**What you need to do**.
The copy must hold exactly the lines from the one with "Axel Gillery pouring" through the end of the listing below, and nothing else, with no pictures.

**Recorded information**.
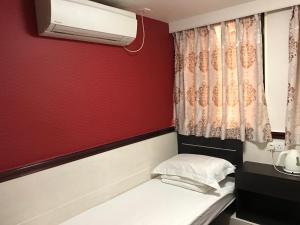 香港立信宾馆的小房间设有一张床和空调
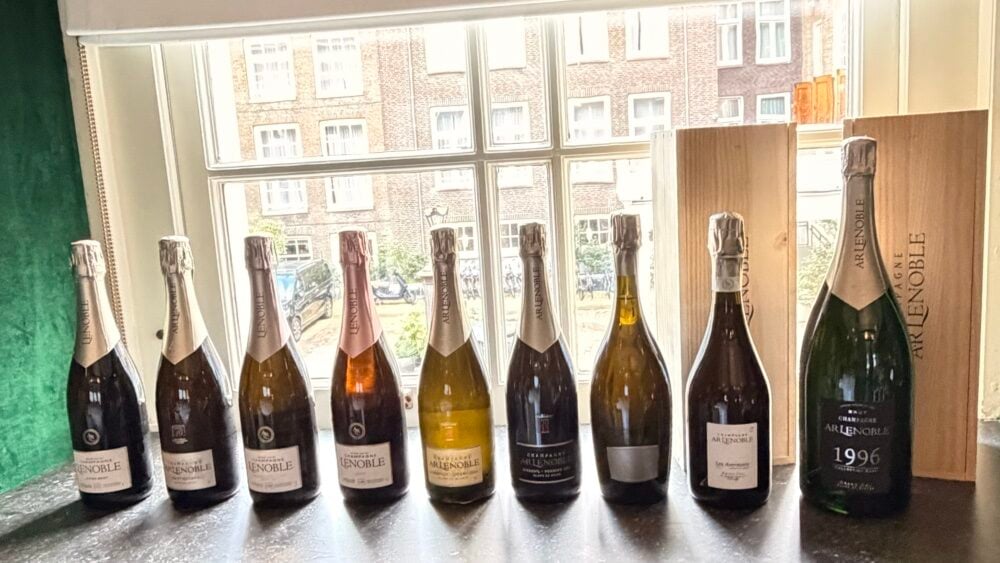 Axel Gillery pouring AR Lenoble Champagne at the Perswijn masterclass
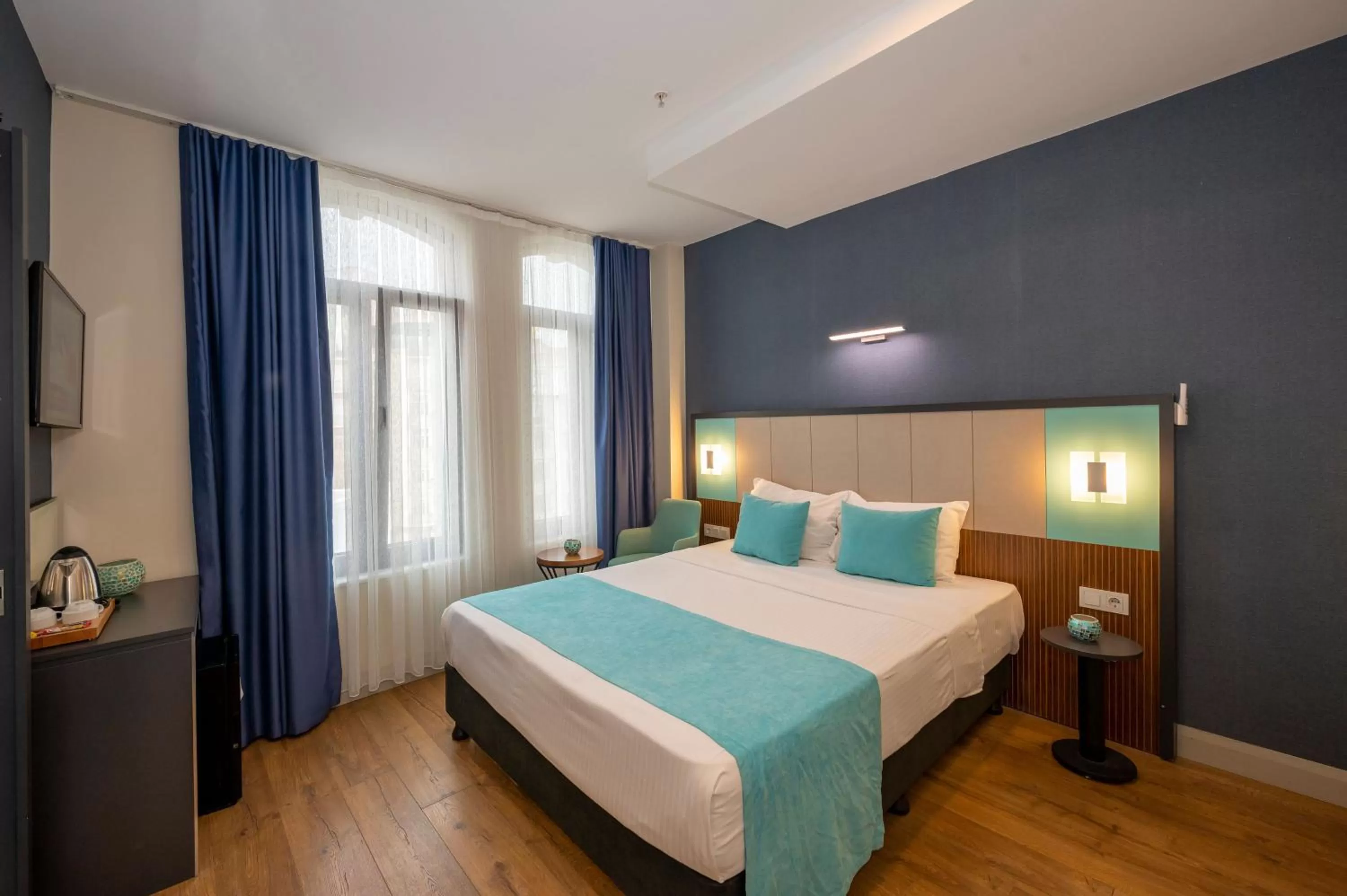 Bed in Juno Hotel Taksim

**Exercise response**.
 Axel Gillery pouring AR Lenoble Champagne at the Perswijn masterclass
 Bed in Juno Hotel Taksim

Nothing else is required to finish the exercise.